Since that date the denomination has gradually spread,
and in recent years has met with extraordinary success
in England as well as in America. There has been
more than one formidable secession ; but in this paper
I propose to deal rather with the original body from
which all sprang.
Its Tenets : Religious Aspect.
We must now proceed to an examination of its tenets,
and this (as admirably stated by Miss Margaret Benson
in a tract published by the Society for the Promotion of
Christian Knowledge) falls naturally under three heads :
the religious, the philosophical, and the physical.
First, then, its religious aspect, and in particular its
claim to be considered Christian.
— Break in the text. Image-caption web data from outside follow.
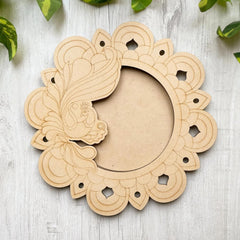 Decorative wooden frame with intricate cut-out patterns on a light wooden surface.
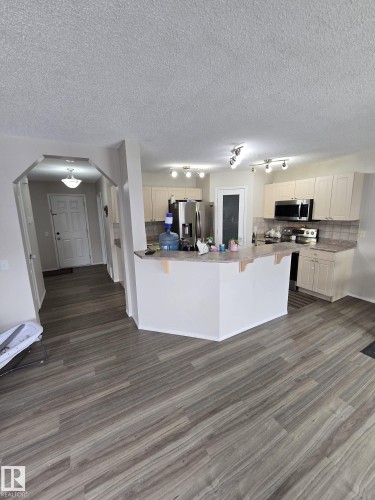 Open concept kitchen featuring light-colored cabinetry, stainless steel appliances, and a central island with a breakfast bar - 3311 21 Street, Edmonton, AB - Indoor Photo Showing Kitchen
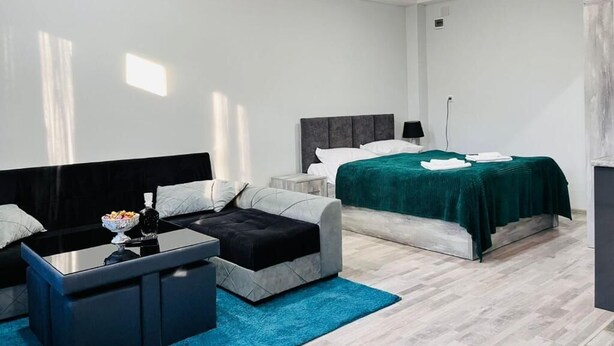 A modern bedroom with a bed, a sofa, a coffee table, and a small side table.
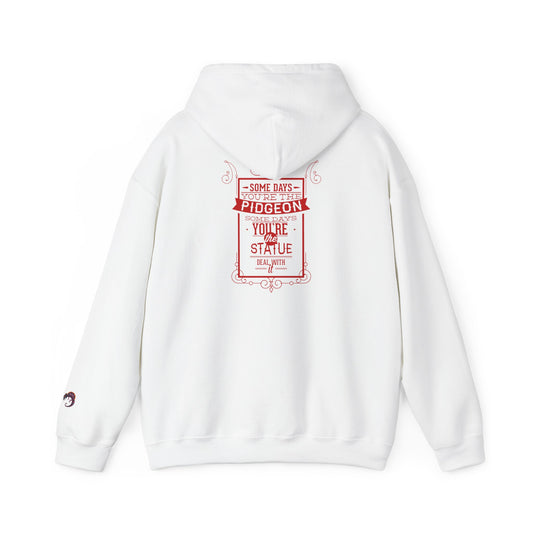 White hoodie with a red graphic print on the back featuring the text 'SOME DAYS YOU'RE THE PIDGEON SOME DAYS YOU'RE THE STATUE DEAL WITH IT' in a vintage-style border design.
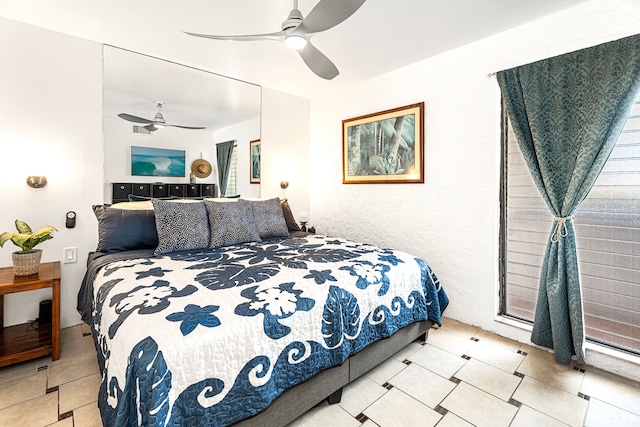75-6082 Alii Dr Unit B229, Kailua-Kona, HI 96740 - bedroom with tile patterned flooring and ceiling fan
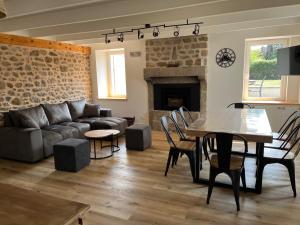a living room with a couch and a table at Le Nid de Réville, Maison proche de la mer in Réville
The famous essay
on “ Snakes in Iceland ” is irresistibly suggested to the
mind. There are no snakes in Iceland ; and Christian
Science is not Christian • and we shall see presently
that it is not scientific either.
It is not Christian, I mean, in the ordinary sense of
the word. It is not more Christian, for example, than
the religion of Mahomet. Mahomet wrote in the Koran
that Mary should “bear the Word proceeding from
God,” and that “ Christ Jesus, the Son of Mary,” was
“ one of those who approach near to the presence of
God” (chap. ii.). Such was his mistaken reverence for
our Blessed Lord that he stated that “the Jews slew
him not . . . but he was represented by one in his like
ness” and that “God took him up unto himself”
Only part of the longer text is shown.